Entornando los ojos para protegerse de la arena, dirigió la linterna hacia las luces traseras que se alejaban y empezó a moverla de un lado a otro trazando un arco. La luz apenas se veía en aquella oscuridad saturada de arena.

—¡Eh! —volvió a gritar David. Su padre estaba tras él, revólver en mano. Intentaba mirar en todas direcciones al mismo tiempo como un guardaespaldas presidencial que presintiese peligros ¡Eh, vuelvan!

Las luces traseras menguaron por momentos rumbo al norte por la carretera que conducía a la interestatal 50. El semáforo intermitente oscilaba impulsado por el viento, y Johnny entrevió por un instante el camión bajo su vacilante resplandor ambarino. La caja era de paneles y llevaba un rótulo estampado en la parte trasera.
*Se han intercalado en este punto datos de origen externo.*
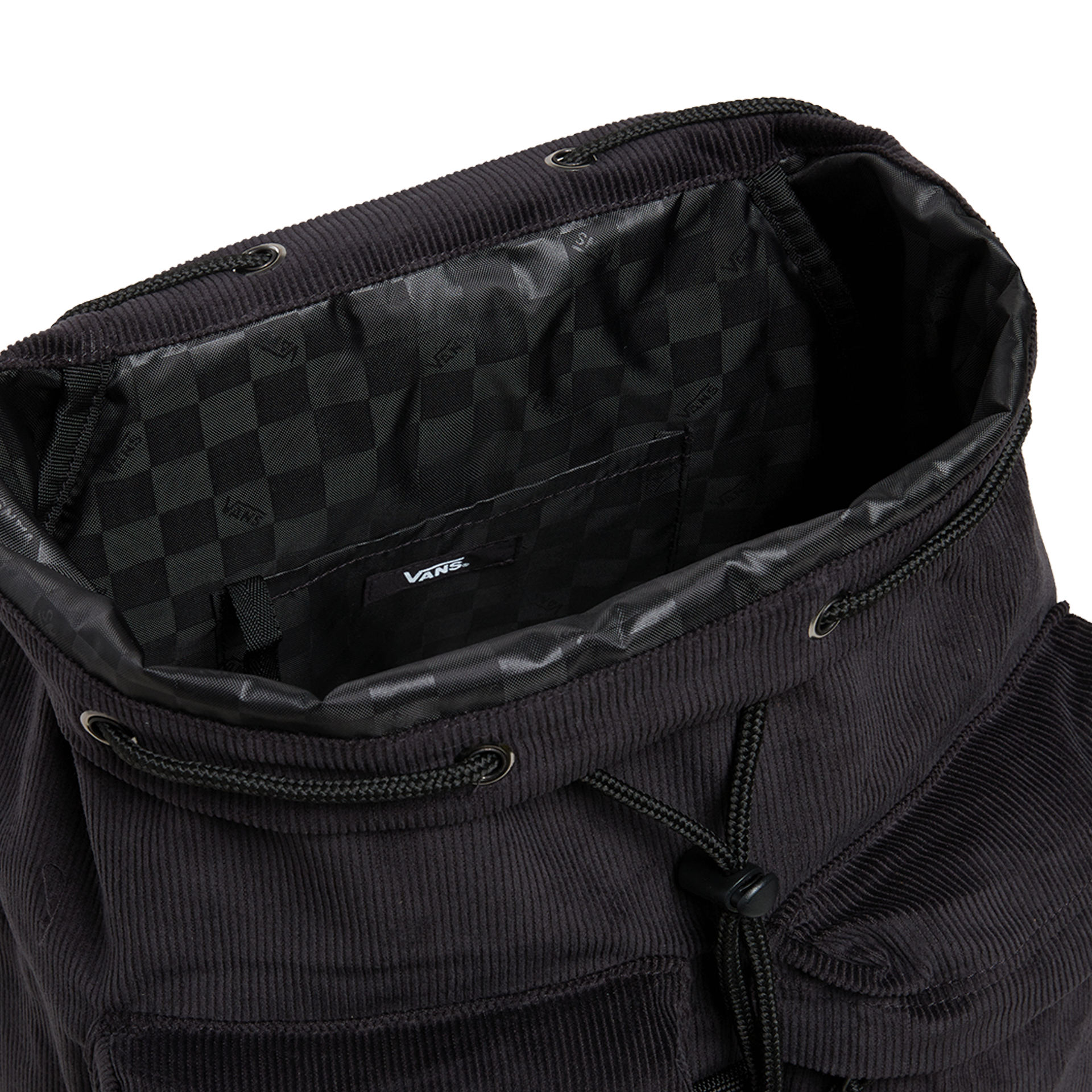 Vans Cityrucksack »Scatter Backpack«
No pudo leerlo a causa de la densa nube de arena.

—¡Entren! —instó Johnny—. ¡Se ha ido!

El chico permaneció un rato más en medio de la calle, mirando en la dirección en que habían desaparecido las luces. De pronto encorvó los hombros en un gesto de desaliento. Su padre se los rodeó con el brazo y dijo:

—Vamos, David. No necesitamos ese camión. Estamos en un pueblo. Sólo tenemos que encontrar a alguien que pueda ayudarnos y…

Su voz se desvaneció cuando miró alrededor y vio lo que Johnny ya había visto. El pueblo entero estaba a oscuras. Eso sólo podía significar una cosa: la gente sabía qué ocurría y se ocultaba de aquel psicópata en espera de la caballería. Eso tenía cierto sentido, pero a Johnny el corazón le decía algo muy distinto.

Le decía que aquel pueblo parecía una tumba.

David y su padre volvieron hacia la escalinata del ayuntamiento. El chico caminaba con la cabeza gacha, abatido; el padre seguía mirando en todas direcciones, alerta a un posible peligro. Mary los observaba acercarse desde el umbral de la puerta, con el pelo agitado por el viento, y Johnny la encontró muy hermosa.

El camión, Johnny, dijo la voz de Terry en su cabeza. ¿No te resultaba familiar ese camión? Sí, ¿verdad?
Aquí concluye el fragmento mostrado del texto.